Fair Trading Minister Stuart Ayres is warning NSW consumers about scam phone calls and emails reported to Fair Trading, Telstra and media outlets in recent weeks.
Mr Ayres said consumers had reported receiving unsolicited calls and emails from scammers claiming to represent Telstra and trying to scam them in a number of ways.
“This week a pensioner reported to her local radio station that she had received a call from someone claiming to be from Telstra and making her an offer on the basis of an authorisation from Telstra,” he said.
“She then called Telstra and it was confirmed as a scam.
“Another consumer reported a call also allegedly from Telstra informing her there was some problem with her internet connection and seeking confirmation of her personal details.
“This is just another variation of the Microsoft scam, where scammers seek remote access to your computer so they can then raid your personal information, including bank account details.
“Scammers have reportedly threatened to sue people for putting Telstra’s infrastructure at risk.
“When the person has requested proof that they are a Telstra rep, scammers have given out a fake number for Telstra which, when the consumer calls, puts them back on the line with the scammer.
“Scammers are also well-versed at creating a sense of urgency to incite fear and anxiety that your device has been compromised and must be fixed immediately.
“If you provide your credit card details and give remote access to your computer, the scammer may not only take more than the stated ‘fee’, but also infect your computer to gain access to your personal information and commit other acts of fraud.
“Yet another consumer reported receiving a fake Telstra invoice via email.
“What alerted her to it being a scam was that the account was several hundred dollars above what she expected and when she contacted Telstra she discovered her account was not due and certainly not for the amount the scammers claimed,” Mr Ayres said.
Telstra urged customers to be very wary of unsolicited telephone calls they receive at home, or emails they’re sent from unfamiliar sources. .
“These ‘hoax’ callers and emailers are trying to trick our customers and obtain their personal information, including their personal banking details. Our advice is to hang up and hang up immediately,” a spokesperson said.
Telstra’s tips to avoid scams are:
- If you’re not sure that the person on the other end of the phone is who they say they are, then hang up and call the organisation by using its official contact details;
- Don’t share personal, credit card or banking details over the phone, unless you’ve made the call and the phone number came from a trusted source;
- Be careful of making calls to phone numbers beginning with 190. These are charged at a premium rate and can be expensive.

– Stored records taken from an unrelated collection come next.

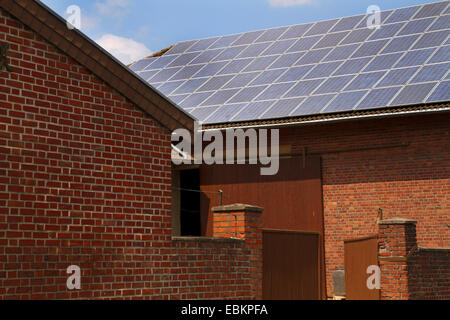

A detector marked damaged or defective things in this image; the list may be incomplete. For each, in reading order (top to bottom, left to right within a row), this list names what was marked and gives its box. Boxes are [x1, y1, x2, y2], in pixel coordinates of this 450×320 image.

rusty metal door [262, 230, 322, 300]
rusty metal door [344, 235, 380, 300]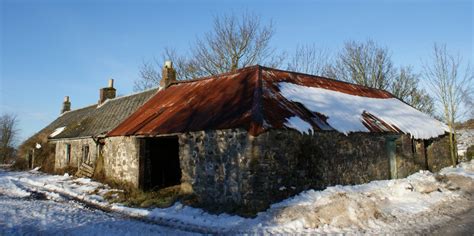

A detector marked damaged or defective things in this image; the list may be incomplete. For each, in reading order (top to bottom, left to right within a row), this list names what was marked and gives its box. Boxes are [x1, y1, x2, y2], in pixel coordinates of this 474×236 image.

rusty corrugated metal roof [106, 65, 396, 137]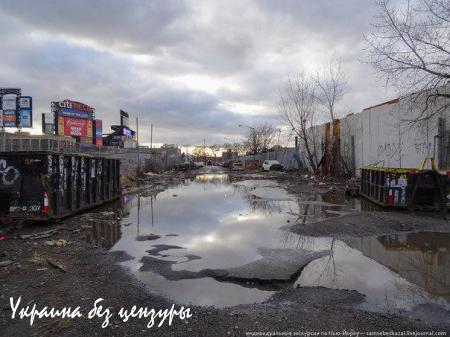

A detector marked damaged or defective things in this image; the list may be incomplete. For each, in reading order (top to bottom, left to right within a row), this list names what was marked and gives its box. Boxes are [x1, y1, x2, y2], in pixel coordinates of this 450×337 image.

flooded pothole [89, 169, 448, 318]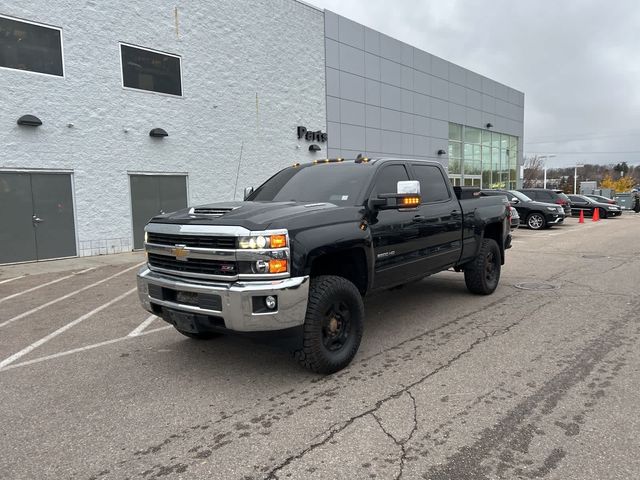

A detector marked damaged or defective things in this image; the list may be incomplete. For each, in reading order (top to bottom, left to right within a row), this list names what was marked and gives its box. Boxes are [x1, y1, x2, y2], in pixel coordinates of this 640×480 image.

cracked asphalt [1, 215, 640, 480]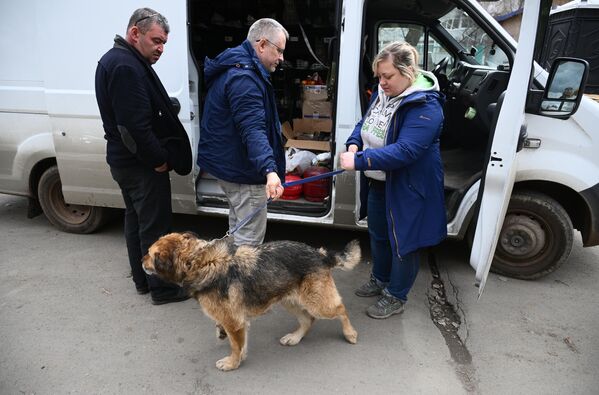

- Never visit websites given to you by an unsolicited caller or provide your e-mail address to an unsolicited caller: They could be trying to infect your devices with malicious software (also known as ‘malware’) or a virus, or want to gain remote control over your computer;
- Don’t respond to text messages or missed calls that come from numbers you don’t recognise. Similarly, don’t click on links in SMS that come from numbers you don’t know.
- If you have any suspicions or doubts or you think something’s not quite right, just hang up.